Excerpted data:
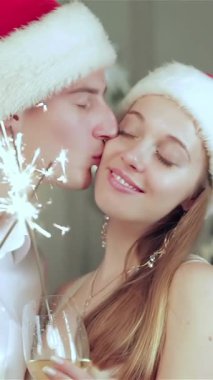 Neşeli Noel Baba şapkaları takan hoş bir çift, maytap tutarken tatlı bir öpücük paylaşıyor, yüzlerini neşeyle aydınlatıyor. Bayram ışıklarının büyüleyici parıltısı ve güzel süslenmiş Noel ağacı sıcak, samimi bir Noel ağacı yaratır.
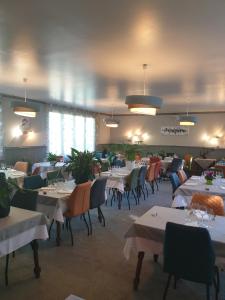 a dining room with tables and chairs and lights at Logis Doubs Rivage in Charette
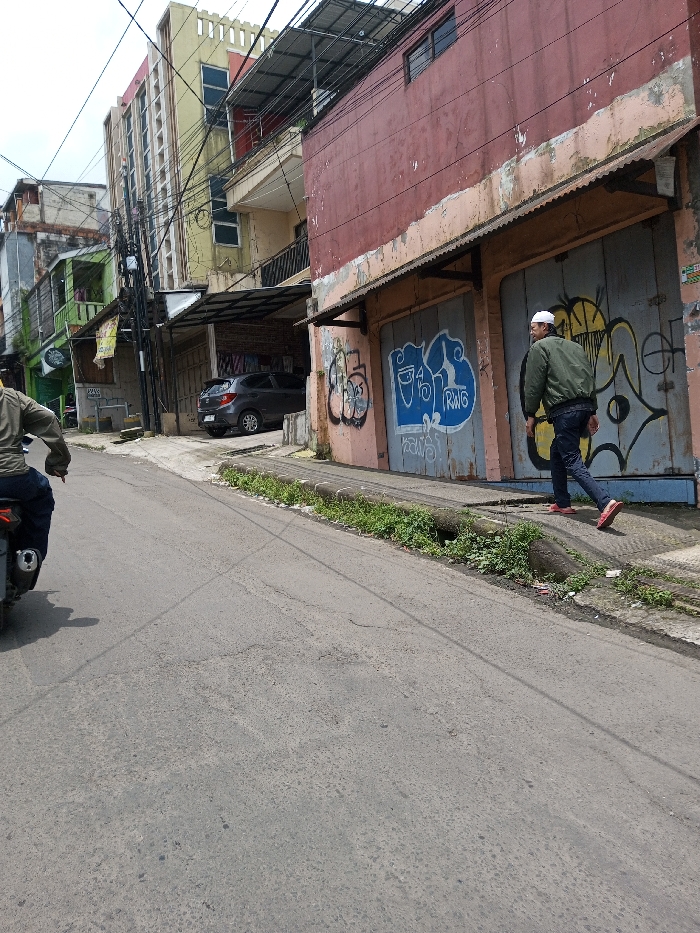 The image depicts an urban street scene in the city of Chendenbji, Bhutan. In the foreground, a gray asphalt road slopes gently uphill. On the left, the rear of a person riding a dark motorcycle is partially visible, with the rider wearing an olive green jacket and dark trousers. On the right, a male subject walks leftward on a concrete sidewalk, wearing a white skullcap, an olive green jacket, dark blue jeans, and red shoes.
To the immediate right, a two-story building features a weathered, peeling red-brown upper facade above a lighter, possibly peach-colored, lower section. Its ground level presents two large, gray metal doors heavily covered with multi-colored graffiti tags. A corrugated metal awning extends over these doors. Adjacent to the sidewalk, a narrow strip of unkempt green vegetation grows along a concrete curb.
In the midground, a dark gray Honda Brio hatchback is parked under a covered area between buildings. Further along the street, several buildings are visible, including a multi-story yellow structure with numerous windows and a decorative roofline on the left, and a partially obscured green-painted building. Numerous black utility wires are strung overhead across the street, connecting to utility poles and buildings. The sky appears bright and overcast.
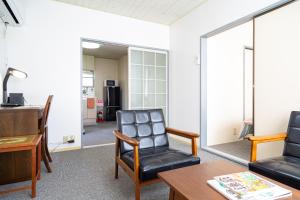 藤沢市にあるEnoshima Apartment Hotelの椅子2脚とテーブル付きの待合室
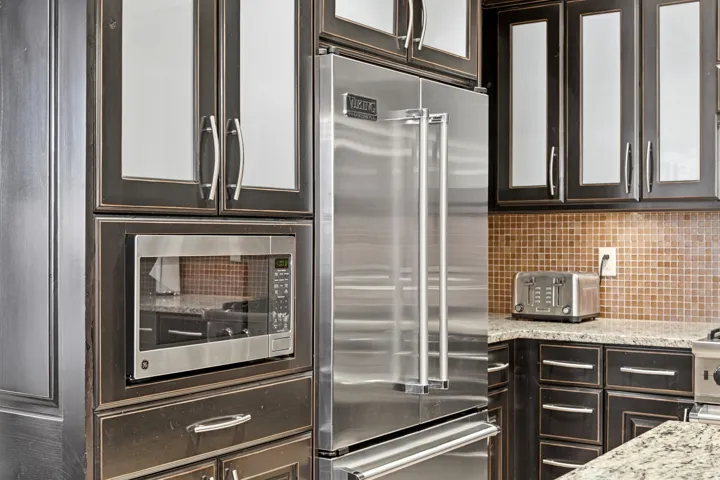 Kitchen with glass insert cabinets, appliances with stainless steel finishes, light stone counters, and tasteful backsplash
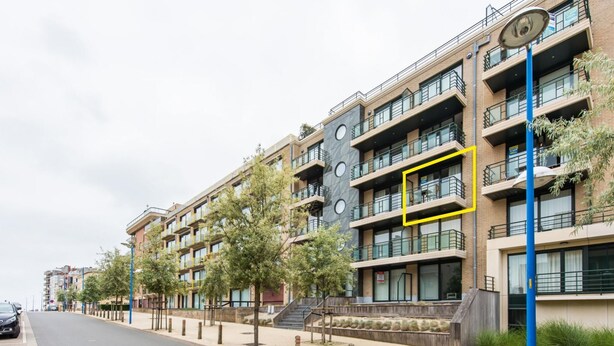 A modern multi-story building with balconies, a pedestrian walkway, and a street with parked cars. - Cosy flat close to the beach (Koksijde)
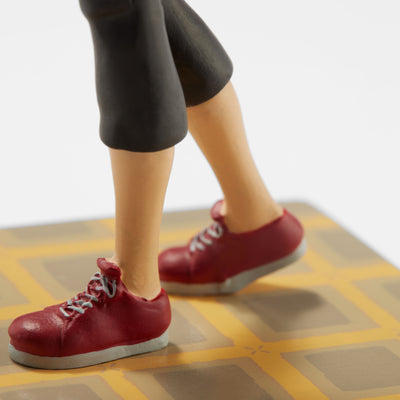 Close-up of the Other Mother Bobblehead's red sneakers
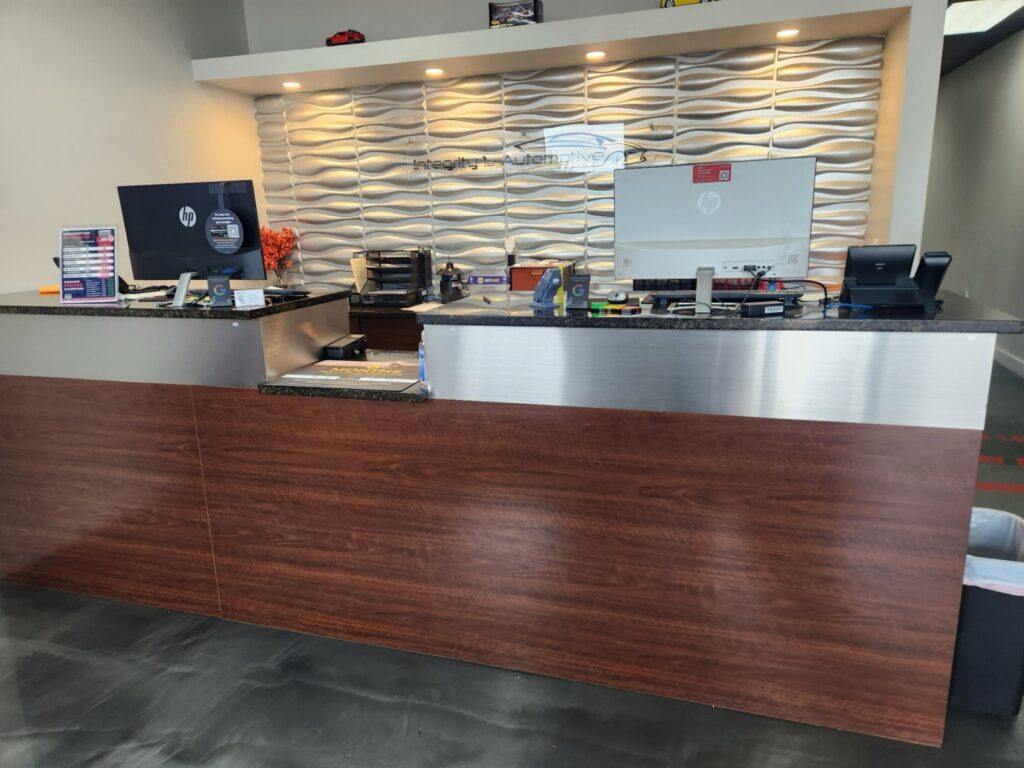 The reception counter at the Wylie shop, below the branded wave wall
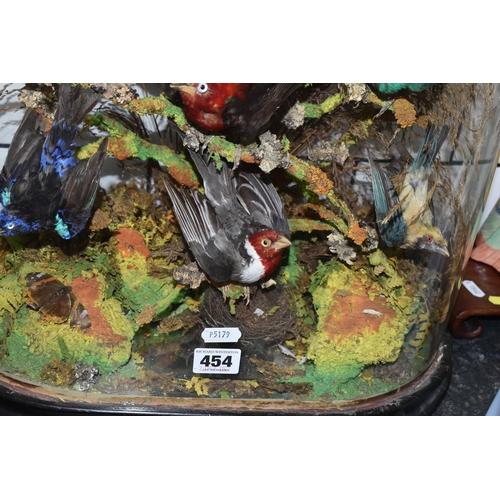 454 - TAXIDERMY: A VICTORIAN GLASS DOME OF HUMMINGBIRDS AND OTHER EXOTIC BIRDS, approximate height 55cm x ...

Work task:
Your answer should be a single number: the count of lines above with the word "along".

Result below:
2